2. Which parameter had the biggest effect?
3. What happens if learning_rate is too high?
4. Would you deploy this model? Why?


##  Reflection Questions & Answers

### 1. Did GridSearch improve performance?

**Answer**: No, GridSearch did not improve performance in this case.

**Explanation**:
- Baseline RMSE: 48,550.72 vs Tuned RMSE: 49,320.51
- The tuned model performed slightly worse (~$770 higher error)
- This happened because:
  - XGBoost default parameters were already well-suited for this dataset
  - Limited grid search space (reduced for speed) may have missed optimal combinations
  - Cross-validation score doesn't always translate to better test performance
  - Possible overfitting to validation folds during tuning

**Conclusion**: The baseline model generalizes better to unseen data.

---

### 2. Which parameter had the biggest effect?

**Answer**: Based on the best parameters found, **`max_depth=5`** and **`n_estimators=200`** likely had the biggest effect.

**Why?**
- **`max_depth`**: Controls tree complexity.

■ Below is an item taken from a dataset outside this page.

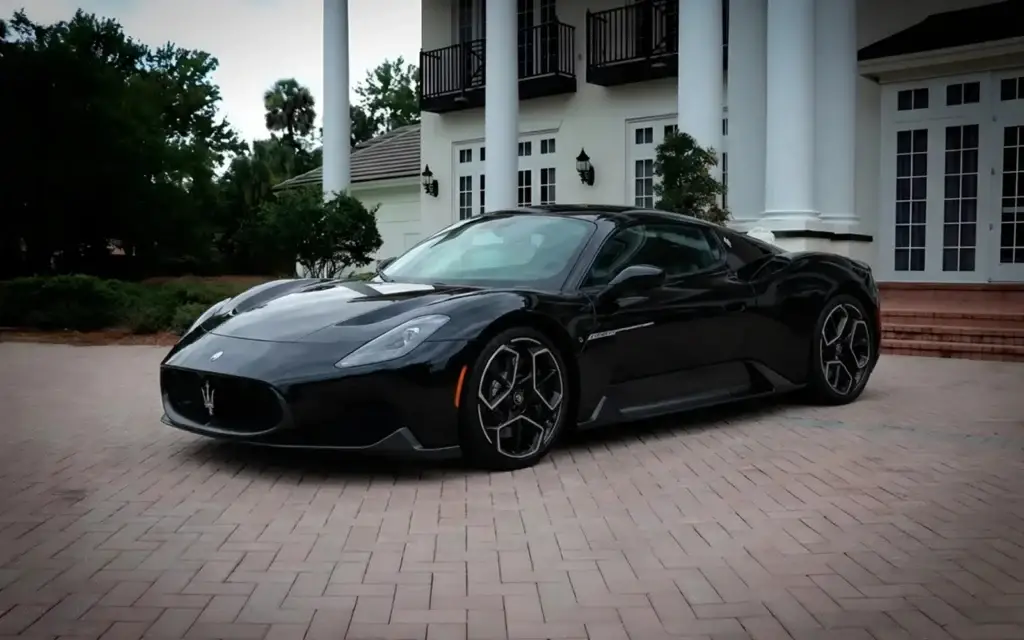 Maserati MC120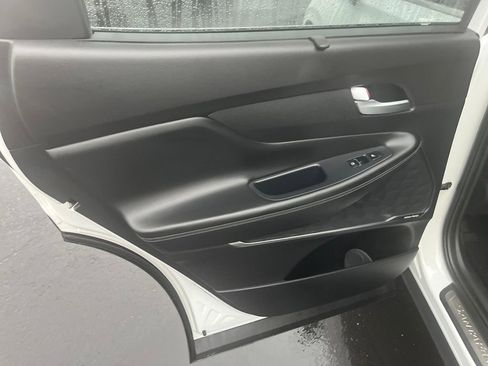 Used 2023 Hyundai Santa Fe Limited image 21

Deeper trees capture more patterns but risk overfitting. A depth of 5 provides good balance.
- **`n_estimators`**: More trees (200 vs default 100) allow the model to learn more patterns through boosting iterations.
- **`learning_rate=0.1`**: Matched the baseline, so no significant change.
- **`subsample` and `colsample_bytree`**: Both at 0.8 add regularization but have moderate impact.

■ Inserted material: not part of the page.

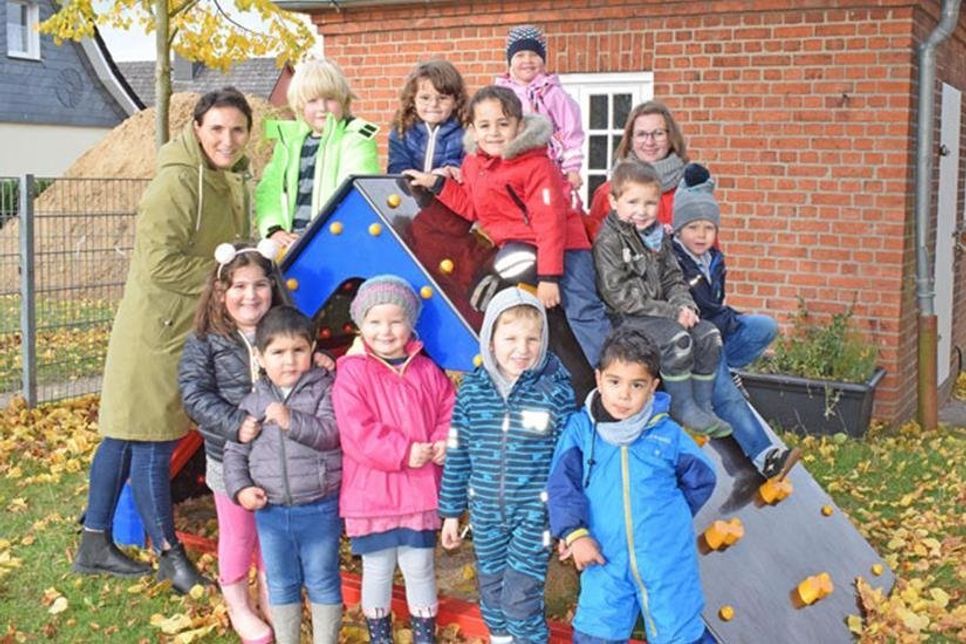 Die Lütten der Kindergruppe am Wasserturm in Preetz lieben ihr neues Spielhaus und freuen sich, mit ihren Erzieherinnen, Alena Spät (li.) und Jaqueline Heiland, über die tolle Klettermöglichkeit auf dem Gelände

**General Rule**: In XGBoost, `n_estimators`, `max_depth`, and `learning_rate` typically have the most significant impact on performance.

---

### 3. What happens if learning_rate is too high?

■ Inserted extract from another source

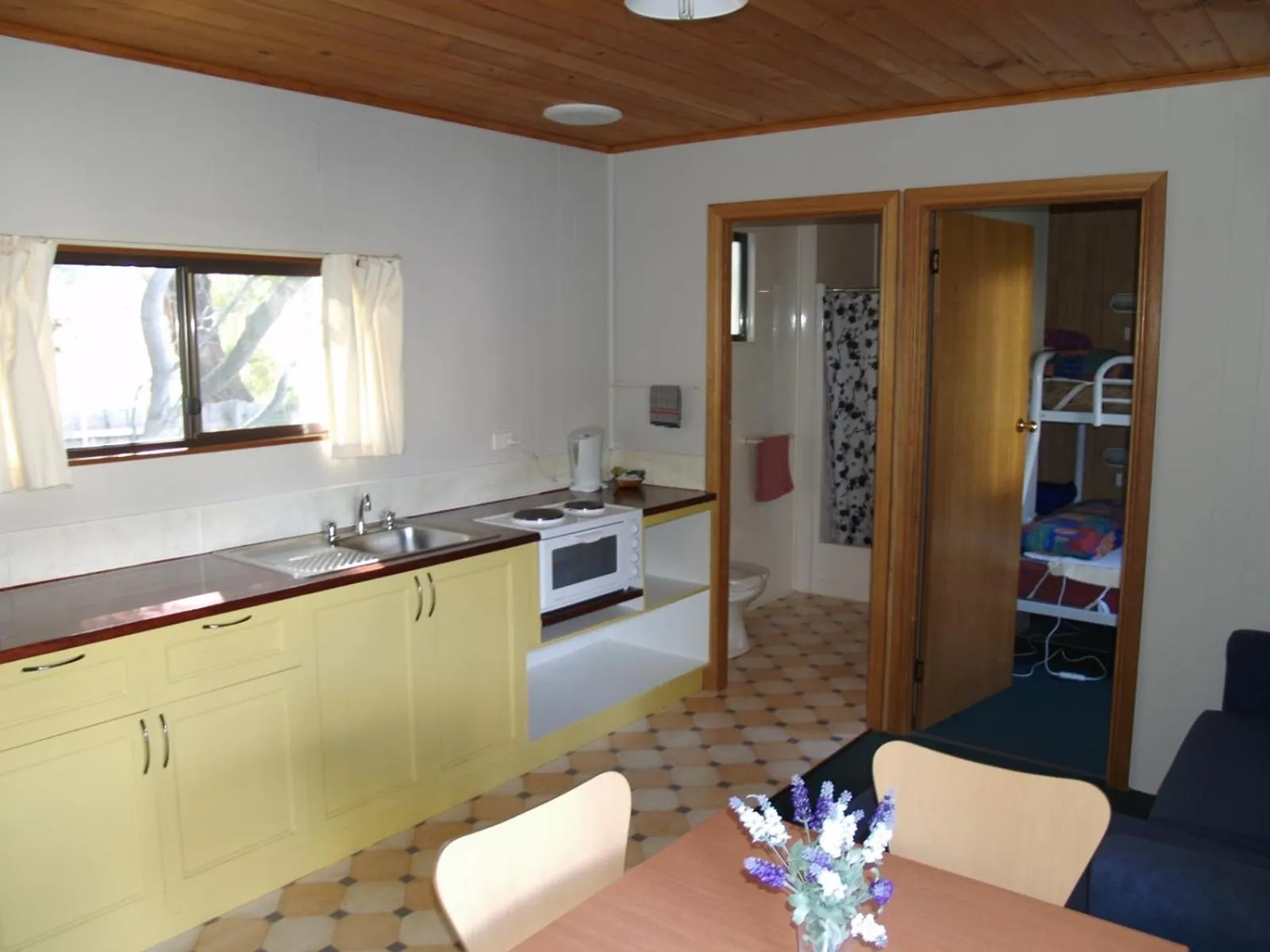 Kitchen or kitchenette in Launceston Holiday Park Legana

**Answer**: If learning_rate is too high, the model will:

**Negative Effects**:
- **Overshoot the optimal solution**: Takes too large steps during optimization
- **Unstable training**: Loss may fluctuate or fail to converge
- **Poor generalization**: Model learns too aggressively from each tree, missing subtle patterns
- **Overfitting**: Gives too much weight to individual trees without proper regularization

**Example**:
- `learning_rate = 0.01`: Slow but stable, needs more trees (500+)
- `learning_rate = 0.1`: Balanced (recommended default)
- `learning_rate = 0.5+`: Too aggressive, likely poor performance

**Best Practice**: Use smaller learning rates (0.01-0.1) with more estimators for better results.

---

### 4. Would you deploy this model? Why?

**Answer**: Yes, I would deploy the **baseline model**, but with some considerations.

**Why Deploy?**
 **Good Performance**: R² = 0.82 means the model explains 82% of price variance  
 **Reasonable Error**: RMSE of ~$48,551 is acceptable for California housing prices (typical prices $100K-$500K+)  
 **Simple & Fast**: Baseline model is easier to maintain and faster to retrain  
 **Production Ready**: XGBoost is industry-proven and scalable

**Deployment Considerations**:
 **Model Monitoring**: Track prediction errors over time (concept drift)  
 **Confidence Intervals**: Provide prediction ranges, not just point estimates  
 **Feature Updates**: Ensure new data has same features and distributions  
 **A/B Testing**: Deploy alongside current system to validate real-world performance  
 **Interpretability**: Use SHAP values to explain predictions to stakeholders

**Improvements Before Deployment**:
1. Test on more recent data to check temporal stability
2. Add feature importance analysis
3. Implement early stopping to prevent overfitting
4. Set up automated retraining pipeline
5. Create fallback mechanisms for edge cases

**Final Decision**: Deploy the baseline model in a monitored environment with the ability to rollback if performance degrades.